With reference to FIG. 1, the die housing 102 of the apparatus was a cylinder having an outer diameter of 1.375 inches (about 34.9 mm), an inner diameter of 0.875 inch (about 22.2 mm), and a length of 3.086 inches (about 78.4 mm). The outer 0.312-inch (about 7.9-mm) portion of the second end 108 of the die housing was threaded with 16-pitch threads. The inside of the second end had a beveled edge 126, or chamfer, extending from the face 128 of the second end toward the first end 106 a distance of 0.125 inch (about 3.2 mm). The chamfer reduced the inner diameter of the die housing at the face of the second end to 0.75 inch (about 19.0 mm). An inlet 110 (also called an inlet orifice) was drilled in the die housing, the center of which was 0.688 inch (about 17.5 mm) from the first end, and tapped. The inner wall of the die housing consisted of a cylindrical portion 130 and a conical frustrum portion 132. The cylindrical portion extended from the chamfer at the second end toward the first end to within 0.992 inch (about 25.2 mm) from the face of the first end. The conical frustrum portion extended from the cylindrical portion a distance of 0.625 inch (about 15.9 mm), terminating at a threaded opening 134 in the first end. The diameter of the threaded opening was 0.375 inch (about 9.5 mm); such opening was 0.367 inch (about 9.3 mm) in length.

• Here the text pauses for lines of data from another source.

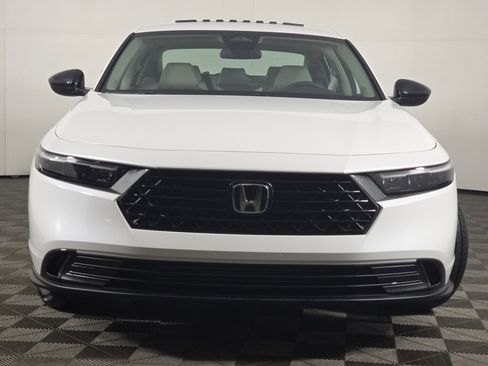 New 2025 Honda Accord SE image 5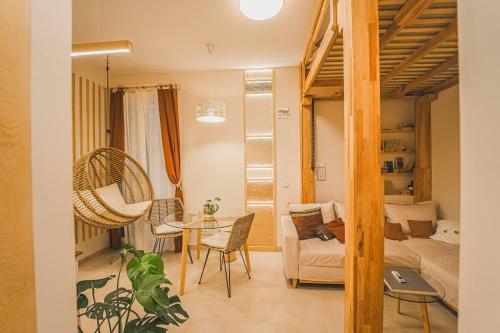 un piccolo soggiorno con divano e tavolo di 4 Bears Studios a Madrid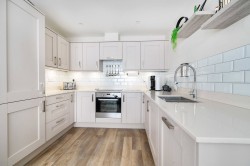 Images for Gratton Chase, Dunsfold, GU8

A die tip 136 was located in the threaded opening of the first end. The die tip consisted of a threaded cylinder 138 having a circular shoulder portion 140. The shoulder portion was 0.125 inch (about 3.2 mm) thick and had two parallel faces (not shown) 0.5 inch (about 12.7 mm) apart. An exit orifice 112 (also called an extrusion orifice) was drilled in the shoulder portion and extended toward the threaded portion a distance of 0.087 inch (about 2.2 mm). The diameter of the extrusion orifice was 0.0145 inch (about 0.37 mm). The extrusion orifice terminated within the die tip at a vestibular portion 142 having a diameter of 0.125 inch (about 3.2 mm) and a conical frustrum portion 144 which joined the vestibular portion with the extrusion orifice. The wall of the conical frustrum portion was at an angle of 30° from the vertical. The vestibular portion extended from the extrusion orifice to the end of the threaded portion of the die tip, thereby connecting the chamber defined by the die housing with the extrusion orifice.
The means for applying ultrasonic energy was a cylindrical ultrasonic horn 116. The horn was machined to resonate at a frequency of 20 kHz. The horn had a length of 5.198 inches (about 132.0 mm), which was equal to one-half of the resonating wavelength, and a diameter of 0.75 inch (about 19.0 mm). The face 146 of the first end 118 of the horn was drilled and tapped for a 3/8-inch (about 9.5-mm) stud (not shown). The horn was machined with a collar 148 at the nodal point 122. The collar was 0.094-inch (about 2.4-mm) wide and extended outwardly from the cylindrical surface of the horn 0.062 inch (about 1.6 mm). Thus, the diameter of the horn at the collar was 0.875 inch (about 22.2 mm). The second end 120 of the horn terminated in a small cylindrical tip 150 0.125 inch (about 3.2 mm) long and 0.125 inch (about 3.2 mm) in diameter. Such tip was separated from the cylindrical body of the horn by a parabolic frustrum portion 152 approximately 0.5 inch (about 13 mm) in length. That is, the curve of this frustrum portion as seen in cross-section was parabolic in shape. The face of the small cylindrical tip was normal to the cylindrical wall of the horn and was located about 0.4 inch (about 10 mm) from the extrusion orifice. Thus, the face of the tip of the horn, i.e., the second end of the horn, was located immediately above the vestibular opening in the threaded end of the die tip.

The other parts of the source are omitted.